Type out the listing below exactly. Pictures stay out of it.

++++++++++

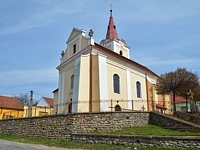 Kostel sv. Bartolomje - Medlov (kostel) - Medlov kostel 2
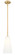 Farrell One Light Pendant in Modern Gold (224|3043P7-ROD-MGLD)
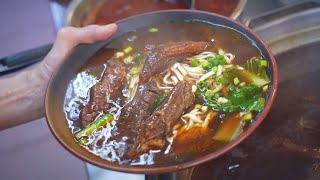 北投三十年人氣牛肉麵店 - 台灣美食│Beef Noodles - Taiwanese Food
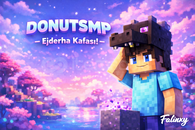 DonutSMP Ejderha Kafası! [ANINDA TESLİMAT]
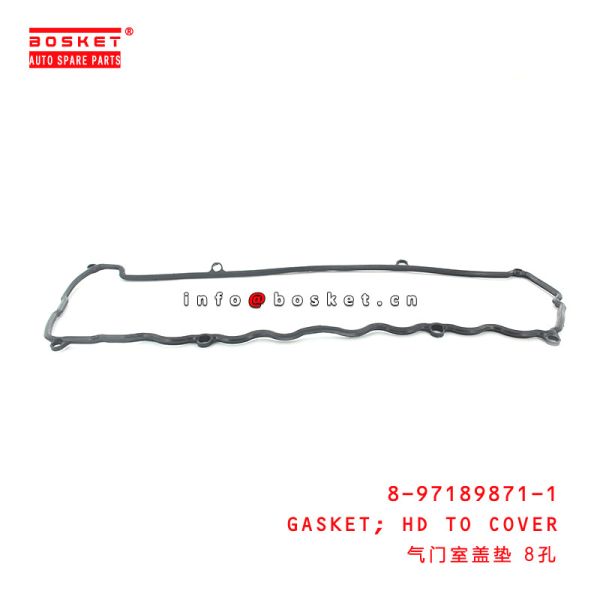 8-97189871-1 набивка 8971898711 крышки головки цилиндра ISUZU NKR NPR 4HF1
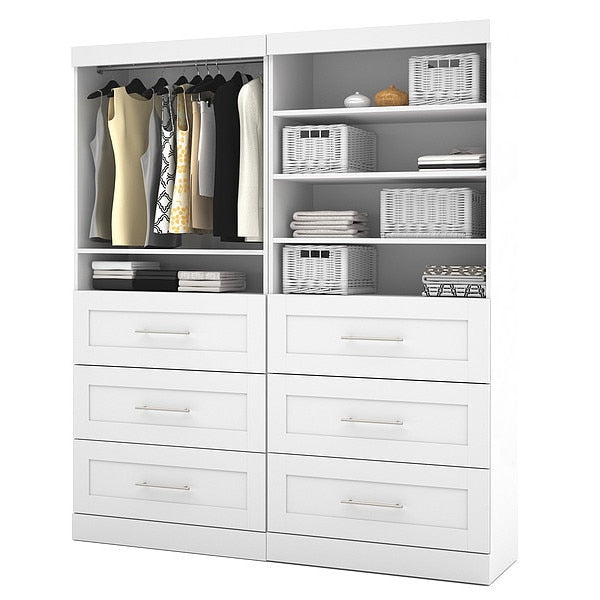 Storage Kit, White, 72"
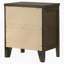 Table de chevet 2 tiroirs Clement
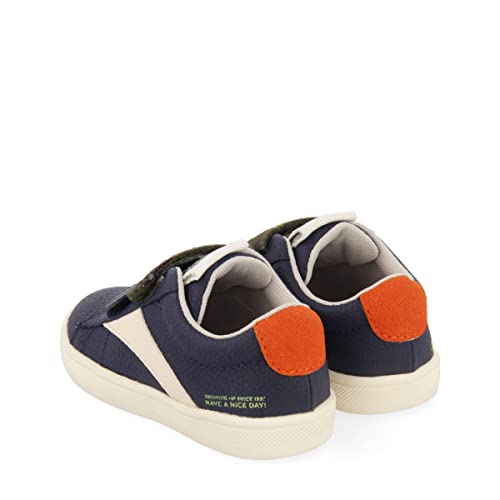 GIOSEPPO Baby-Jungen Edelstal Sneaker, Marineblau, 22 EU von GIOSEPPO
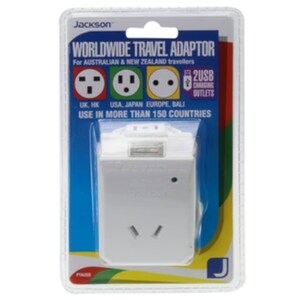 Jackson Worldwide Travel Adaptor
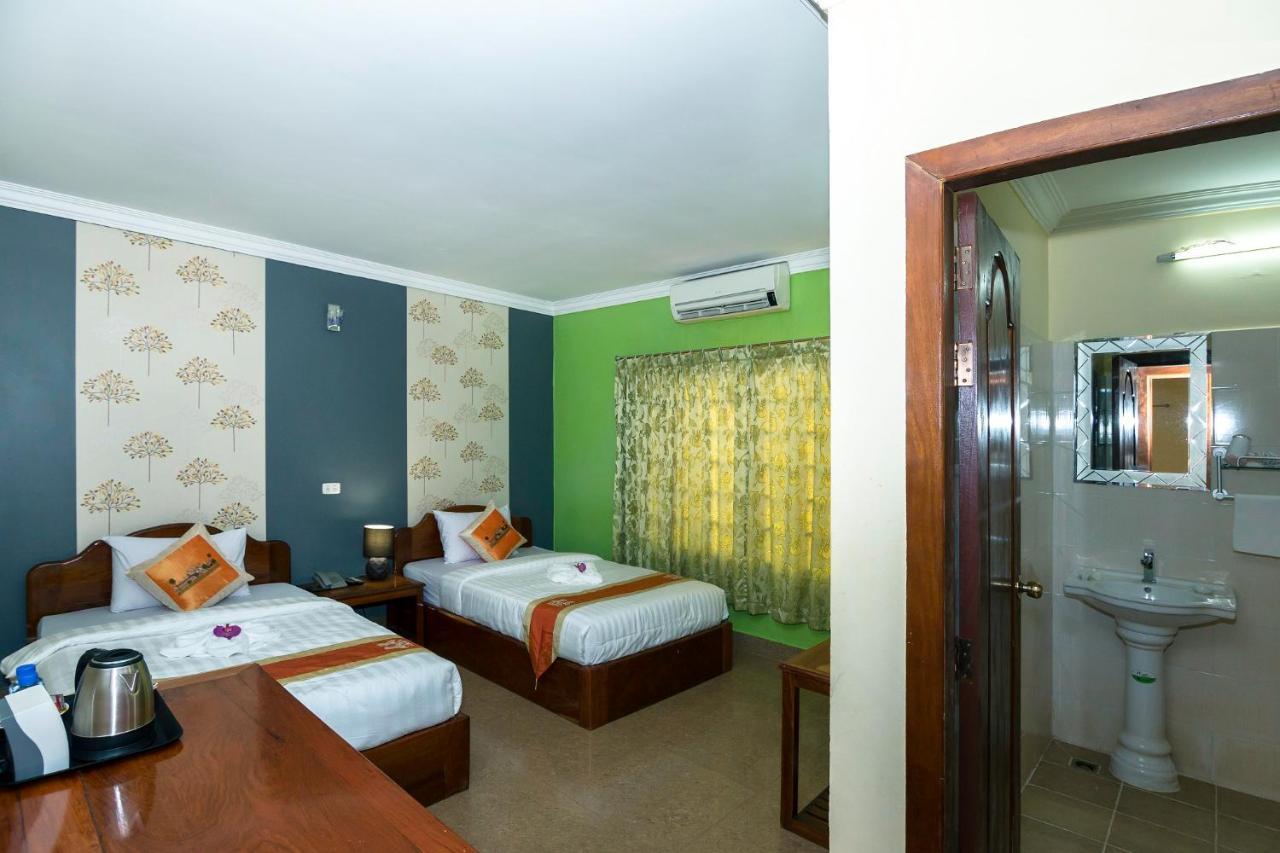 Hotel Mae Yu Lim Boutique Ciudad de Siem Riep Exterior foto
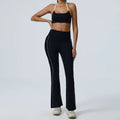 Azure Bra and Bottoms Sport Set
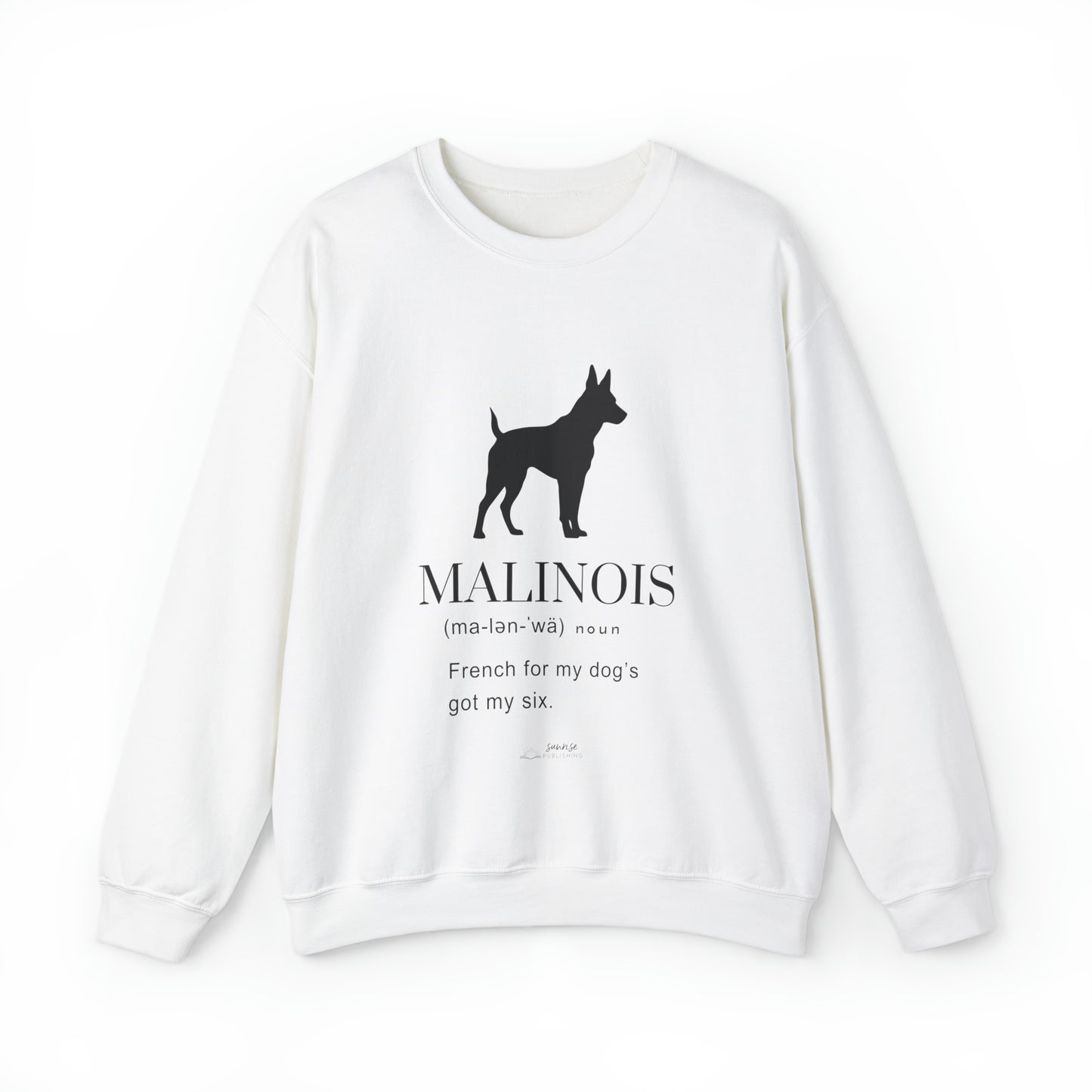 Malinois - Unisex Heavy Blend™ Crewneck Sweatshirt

++++++++++

## OUTPUT FOR THIS EXERCISE
 Kostel sv. Bartolomje - Medlov (kostel) - Medlov kostel 2
 Farrell One Light Pendant in Modern Gold (224|3043P7-ROD-MGLD)
 北投三十年人氣牛肉麵店 - 台灣美食│Beef Noodles - Taiwanese Food
 DonutSMP Ejderha Kafası! [ANINDA TESLİMAT]
 8-97189871-1 набивка 8971898711 крышки головки цилиндра ISUZU NKR NPR 4HF1
 Storage Kit, White, 72"
 Table de chevet 2 tiroirs Clement
 GIOSEPPO Baby-Jungen Edelstal Sneaker, Marineblau, 22 EU von GIOSEPPO
 Jackson Worldwide Travel Adaptor
 Hotel Mae Yu Lim Boutique Ciudad de Siem Riep Exterior foto
 Azure Bra and Bottoms Sport Set
 Malinois - Unisex Heavy Blend™ Crewneck Sweatshirt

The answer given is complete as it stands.